• **The problem**: Give back the records below verbatim, please, but without a single image.

• **Scraped caption text data**:
--- --- ---

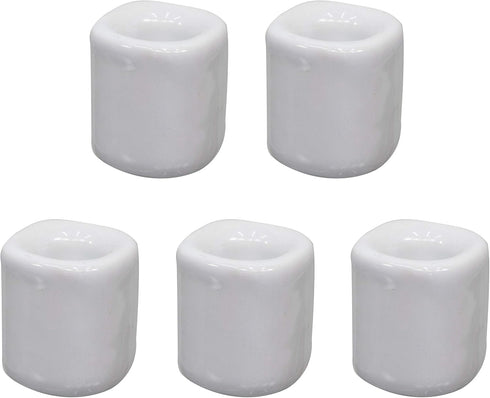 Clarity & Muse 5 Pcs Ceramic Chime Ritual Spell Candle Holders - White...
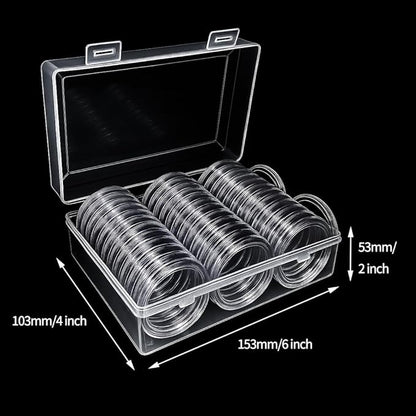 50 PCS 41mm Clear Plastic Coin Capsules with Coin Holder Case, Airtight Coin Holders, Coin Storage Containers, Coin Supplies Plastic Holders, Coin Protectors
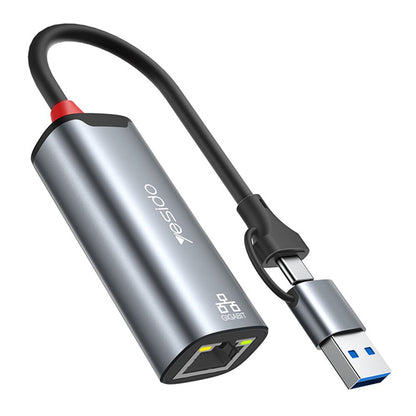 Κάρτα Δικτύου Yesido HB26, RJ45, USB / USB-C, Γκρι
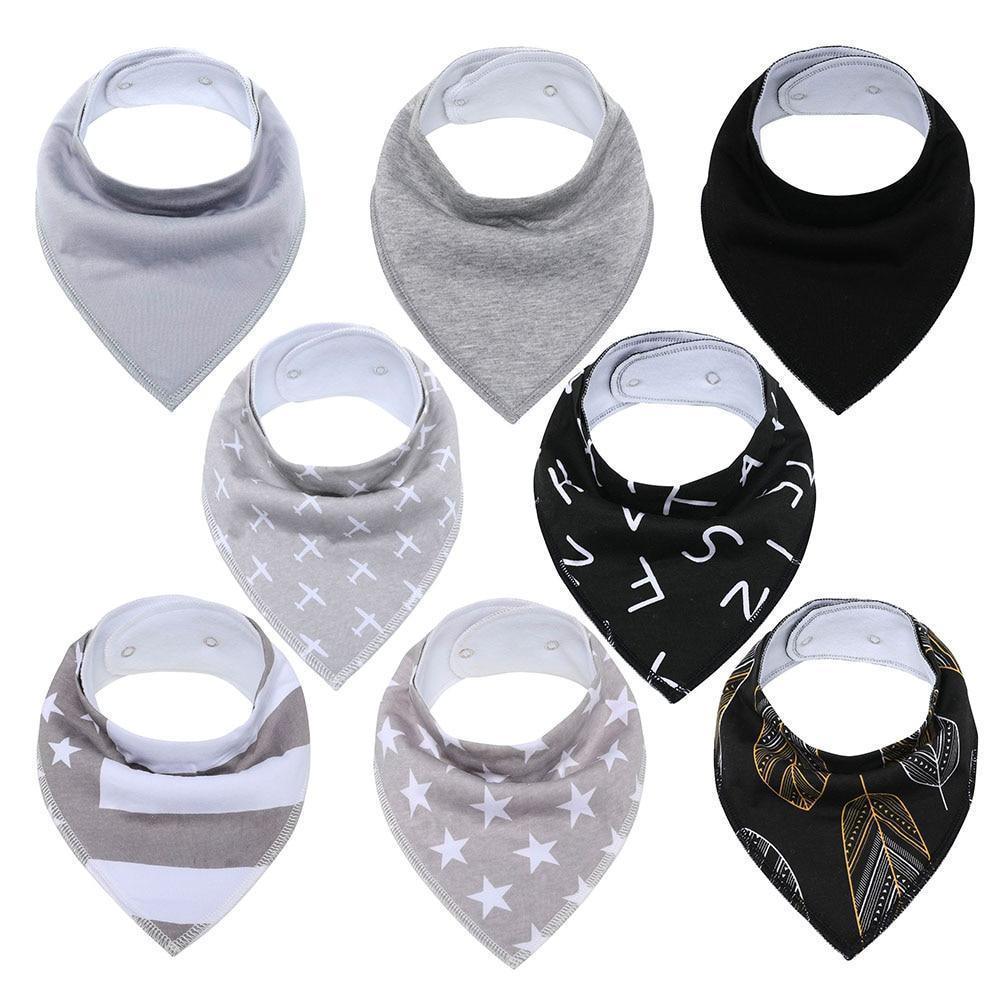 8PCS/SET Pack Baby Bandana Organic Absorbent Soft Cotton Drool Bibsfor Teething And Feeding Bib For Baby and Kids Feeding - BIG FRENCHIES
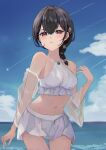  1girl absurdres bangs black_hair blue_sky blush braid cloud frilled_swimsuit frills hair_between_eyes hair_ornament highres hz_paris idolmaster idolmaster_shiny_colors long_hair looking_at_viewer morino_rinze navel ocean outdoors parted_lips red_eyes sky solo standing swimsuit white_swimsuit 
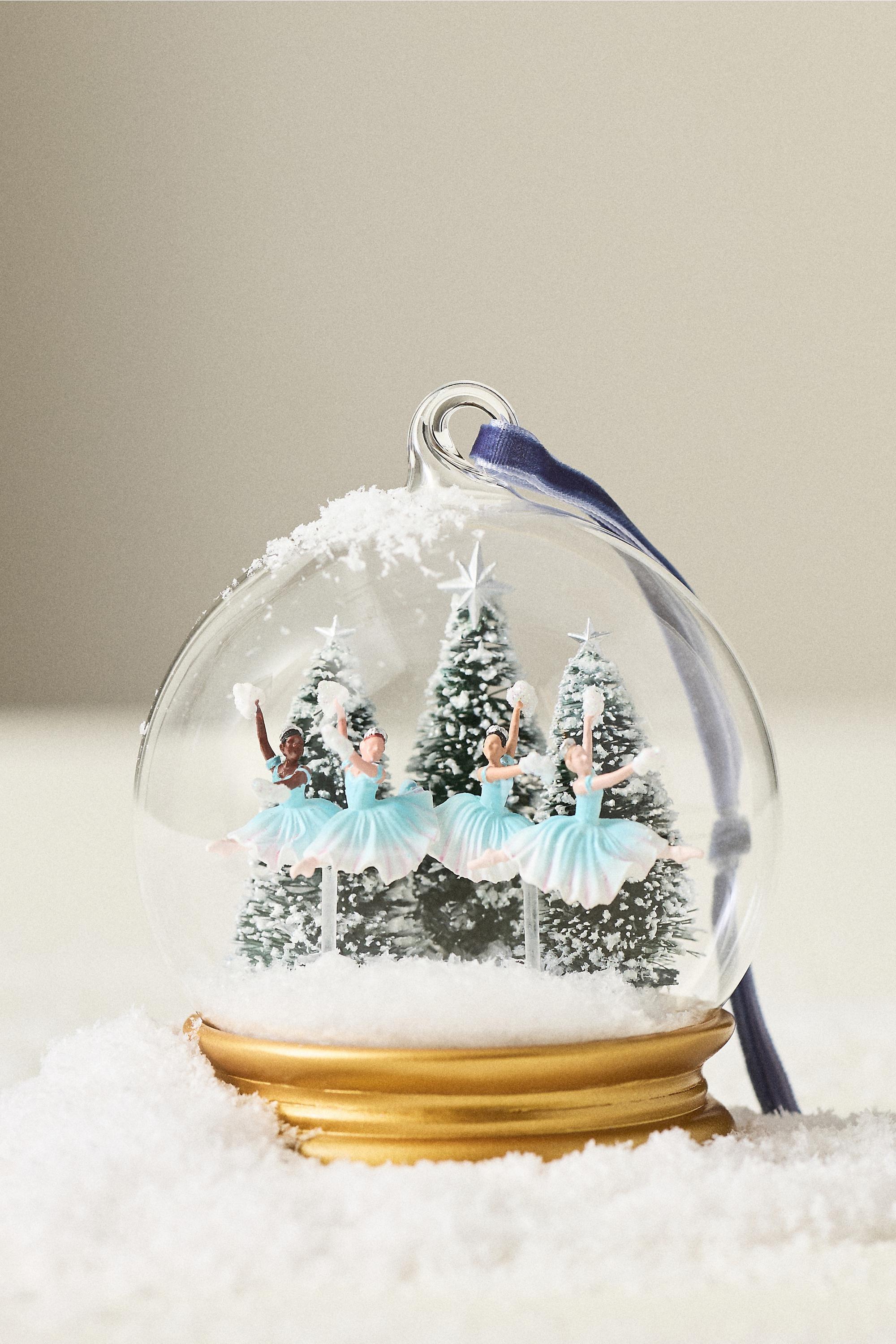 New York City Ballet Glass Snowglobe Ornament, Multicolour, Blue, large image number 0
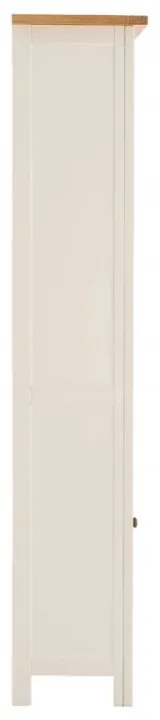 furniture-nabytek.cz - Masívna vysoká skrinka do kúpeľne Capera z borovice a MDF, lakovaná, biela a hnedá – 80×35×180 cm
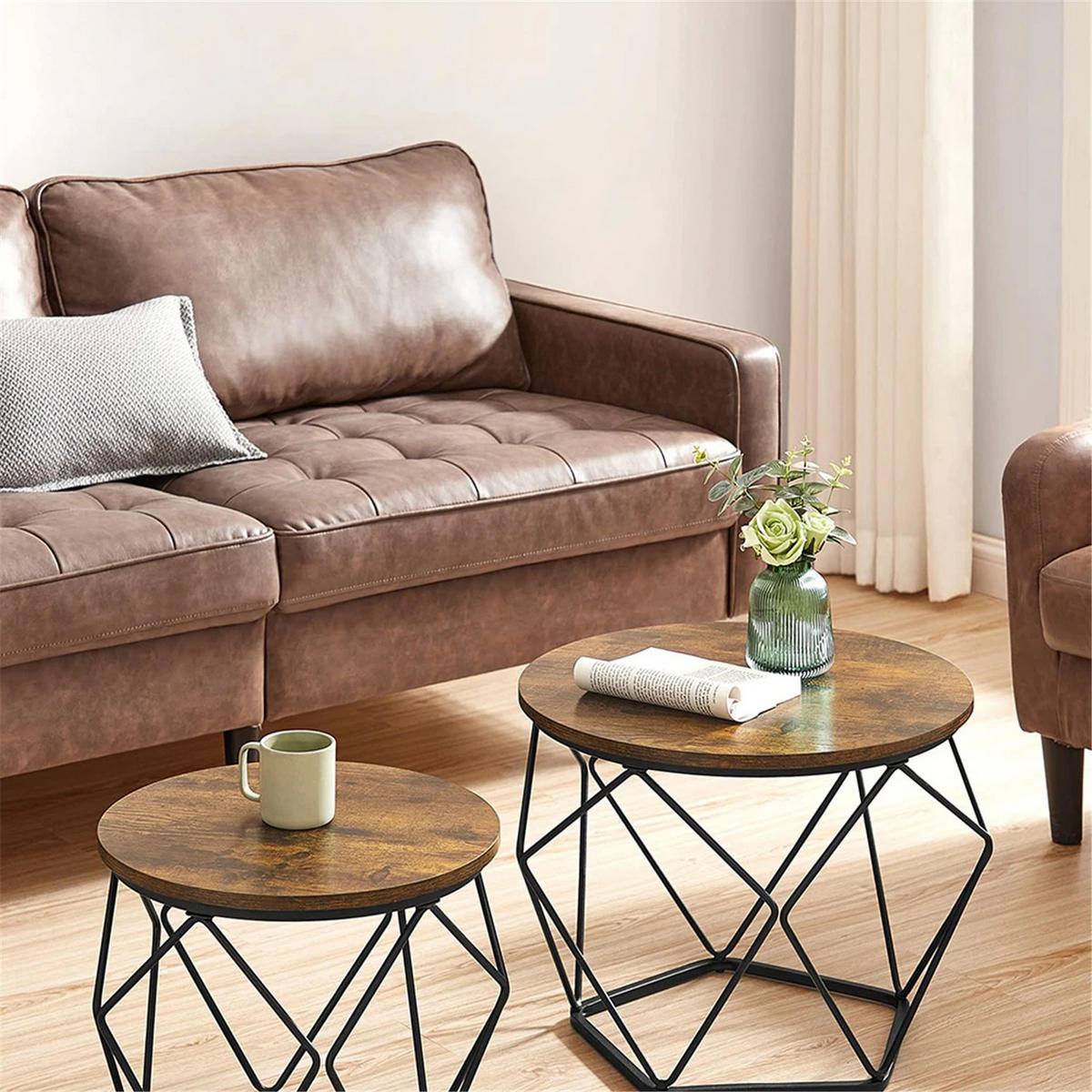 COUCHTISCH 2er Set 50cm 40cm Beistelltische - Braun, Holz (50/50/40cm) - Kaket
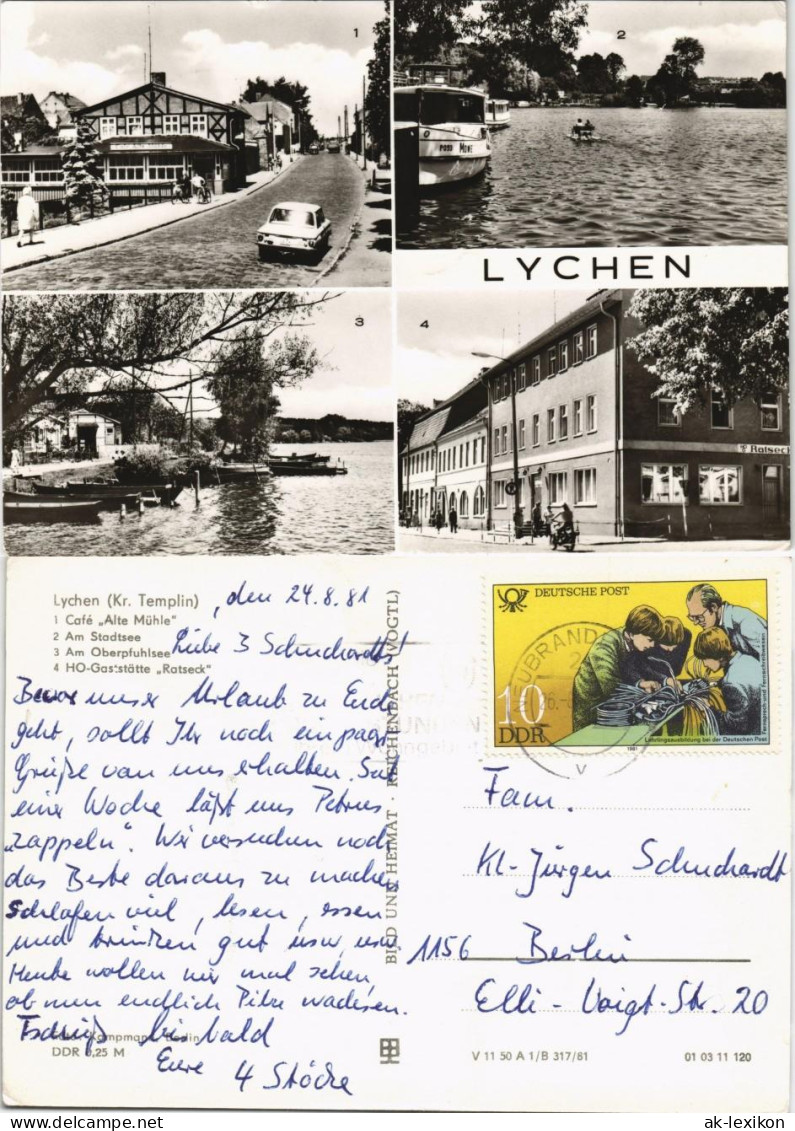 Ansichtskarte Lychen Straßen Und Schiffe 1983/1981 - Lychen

--- --- ---

• **Answer for this exercise**:
 Clarity & Muse 5 Pcs Ceramic Chime Ritual Spell Candle Holders - White...
 50 PCS 41mm Clear Plastic Coin Capsules with Coin Holder Case, Airtight Coin Holders, Coin Storage Containers, Coin Supplies Plastic Holders, Coin Protectors
 Κάρτα Δικτύου Yesido HB26, RJ45, USB / USB-C, Γκρι
 8PCS/SET Pack Baby Bandana Organic Absorbent Soft Cotton Drool Bibsfor Teething And Feeding Bib For Baby and Kids Feeding - BIG FRENCHIES
  1girl absurdres bangs black_hair blue_sky blush braid cloud frilled_swimsuit frills hair_between_eyes hair_ornament highres hz_paris idolmaster idolmaster_shiny_colors long_hair looking_at_viewer morino_rinze navel ocean outdoors parted_lips red_eyes sky solo standing swimsuit white_swimsuit 
 New York City Ballet Glass Snowglobe Ornament, Multicolour, Blue, large image number 0
 furniture-nabytek.cz - Masívna vysoká skrinka do kúpeľne Capera z borovice a MDF, lakovaná, biela a hnedá – 80×35×180 cm
 COUCHTISCH 2er Set 50cm 40cm Beistelltische - Braun, Holz (50/50/40cm) - Kaket
 Ansichtskarte Lychen Straßen Und Schiffe 1983/1981 - Lychen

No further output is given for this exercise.